Dos son los principales aciertos de Juerga hasta el fin (2013), la película más original y gamberra del dúo formado por Evan Goldberg y Seth Rogen: el primero hacer que todos los actores protagonistas se interpreten a sí mismos, el recurso más eficaz, de cara al espectador (demasiado acostumbrado a los arquetipos humanos que pululan por el género) para dar verismo a una historia completamente alocada; el segundo, ambientar la historia en Hollywood, el lugar más alocado de este loco planeta y, por tanto, donde El Apocalipsis (de hecho, cualquier apocalipsis) podría dar lugar a escenas grotescas, ridículas y desternillantes como las que propone la película. En el lado oscuro, el nefasto título de estreno en España, que eclipsa el efecto del original (This is the end) de clara evocación doorsiana e inequívocas reminiscencias fumetas.

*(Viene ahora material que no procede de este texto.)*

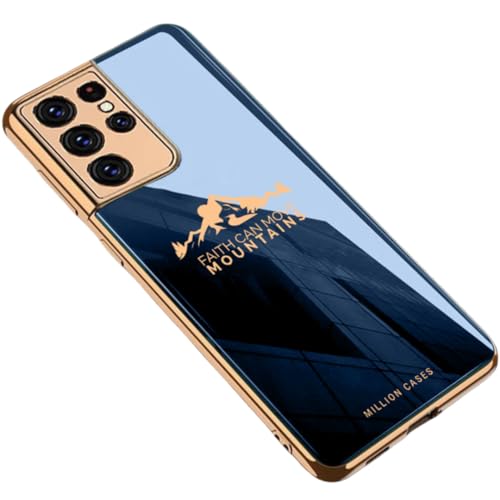 Image of Back Cover Case for Samsung Galaxy Note 8 Shockproof Protective Sierra Pattern Electroplating Glass Case for Men & Boys(Blue)
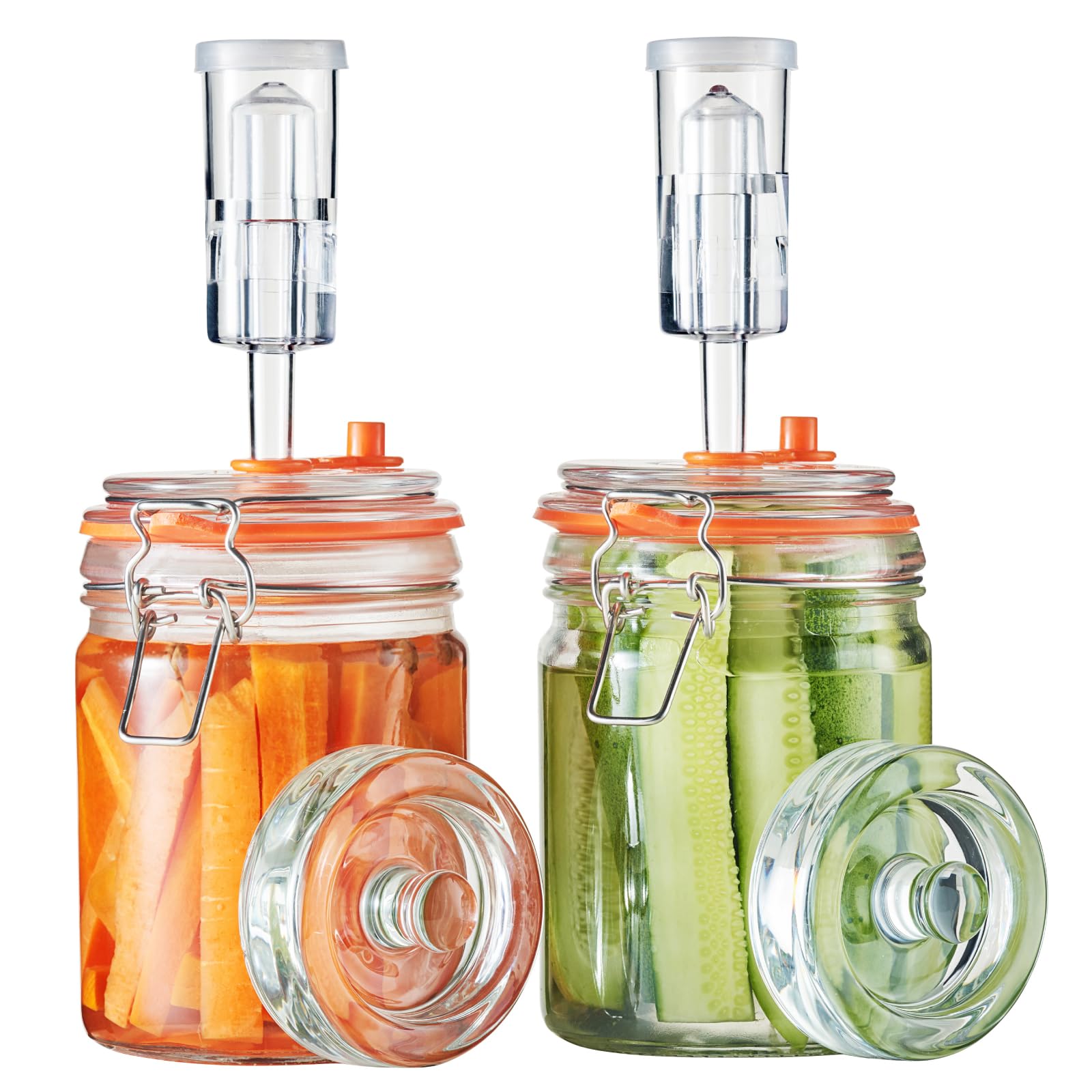 Jillmo Fermentation Jar, 700ml Fermenting Kit with Fermentation Weights and Airlocks, Pack of 2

Igual que Aterriza como puedas (1980) desmontaba sin piedad todos los tópicos y arquetipos del cine de catástrofes aéreas, Juerga hasta el fin hace lo propio con esos argumentos en que un imprevisto sobrevenido (bicharraco, desastre natural o lo que sea) quiebra la autocomplacencia de unos protagonistas que se ven obligados a actuar para sobrevivir, salvar el planeta o incluso a toda la especie humana. Aquí el imprevisto es el Fin del Mundo (sí, el que se describe en el último capítulo de la Biblia), y quienes se enfrentan a él son una panda de actores inmaduros, egoístas, superficiales, garrulos y paletos que difícilmente renunciarán a ser como son sólo porque el mundo amenace con acabarse. Y no lo hacen por fastidiar, pero es que sus vidas son, a estas alturas, demasiado posmodernas como para aceptar que su existencia pueda tener un final no controlado por ellos o sus expectativas. Hemos visto --igual que los protagonistas del filme-- demasiados apocalipsis como para no tomar a cachondeo según que situaciones y actitudes. Esa es la base argumental que sostiene todo el filme y el humor descacharrante que destila.
La película de Goldberg y Rogen explota el escepticismo «inicios de siglo» de esta juventud pastosa, hipertecnologizada, ahíta de cultura popular audiovisual y que emplea una afilada y posmoderna ironía para machacar el mundo, y lo hace (auto)parodiando a los seres más egocéntricos y absurdos que existen: los actores de Hollywood. La mezcla es original y explosiva; y quienes más la disfrutarán son los espectadores que adoran las películas que ridiculiza el filme, los que detectan los dobles sentidos y las referencias más sutiles. En ese sentido, es un curioso filme completamente autoconsciente y autorreferencial, a la altura de una buena narración de arte y ensayo. No exagero.
Todo vale. Nada es sagrado. No hay consecuencias. Diversión garantizada.